In its decision (FAD #1) for complaint #1 (Agency No. 09-00167-02270, EEOC Appeal No. 0120113936), dated June 20, 2011 and mailed on June 27, 2011, the Agency found that for claim 1, in February 2009, the Agency initiated a personnel action to fill a temporary, not to exceed 5 years, ND-5 Engineer position. Complainant applied, and was on the certificate as one of 13 competitive candidates, but was not interviewed or selected. For claim 2, in December 2008, the Agency initiated a personnel action to fill an ND-5 Engineer position, Complainant applied, was on the certificate as one of 15 competitive candidates, was interviewed by the selection panel, but was not selected. For claim 3, in November 2008, the Agency initiated a personnel action to fill an ND-5 Engineer position, Complainant applied, was on the certificate as one of 11 competitive candidates, but was not interviewed or selected. In order to be selected for each of the three positions, a selectee had to have the ability to receive and maintain a Secret clearance (at a minimum).

The Agency decision assumed that Complainant had established his prima facie cases on all alleged bases. It found that it had articulated legitimate, nondiscriminatory reasons for not selecting Complainant for each position. In claim 1, the selecting official stated that Complainant did not meet the basic requirement of the position because his security clearance had been suspended on February 20, 2009. He also maintained that the selectee was the best qualified candidate for the position, and had been unanimously recommended for the position. In claim 2, the selecting official stated that Complainant was interviewed, but that he did not provide experience relevant to the job, and the selectee was better qualified for the position. In claim 3, the selecting official stated that Complainant was not among the highest-qualified individuals to be interviewed, and that the selectee was chosen by the interview panel as the best candidate for the position. The Agency concluded that Complainant had not shown the Agency's reasons to be pretext for discrimination on any of his alleged bases, and had not demonstrated that he was so plainly superior to the selectees as to require a finding of discrimination.

In its decision (FAD #2) for complaint #2 (Agency No. 09-00167-03608, EEOC Appeal No. 0120113931), dated July 5, 2011 and mailed on July 28, 2011, the Agency found that in February 2009, Complainant's access to classified information and his assignment to a sensitive position were indefinitely suspended, pending adjudication by DONCAF1; on March 31, 2010, Complainant was removed from federal employment.

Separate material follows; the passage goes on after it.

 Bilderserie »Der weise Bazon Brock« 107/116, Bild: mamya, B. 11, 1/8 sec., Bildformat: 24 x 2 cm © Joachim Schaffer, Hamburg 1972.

In claim 1, in June 2009, the Agency initiated a personnel action to fill an ND-5 Program Manager position. Complainant applied and was on the certificate as the only competitive candidate, along with one non-competitive candidate. The position required the ability to receive and maintain Top Secret clearance. Complainant was not selected. In claim 2, in July 2009, the Agency initiated a personnel action to fill a temporary, not to exceed 5 years, ND-5 Program Manager position. Complainant was on the certificate for the position at issue as one of 7 competitive candidates. This position also required the ability to receive and maintain Top Secret clearance. Complainant was not selected.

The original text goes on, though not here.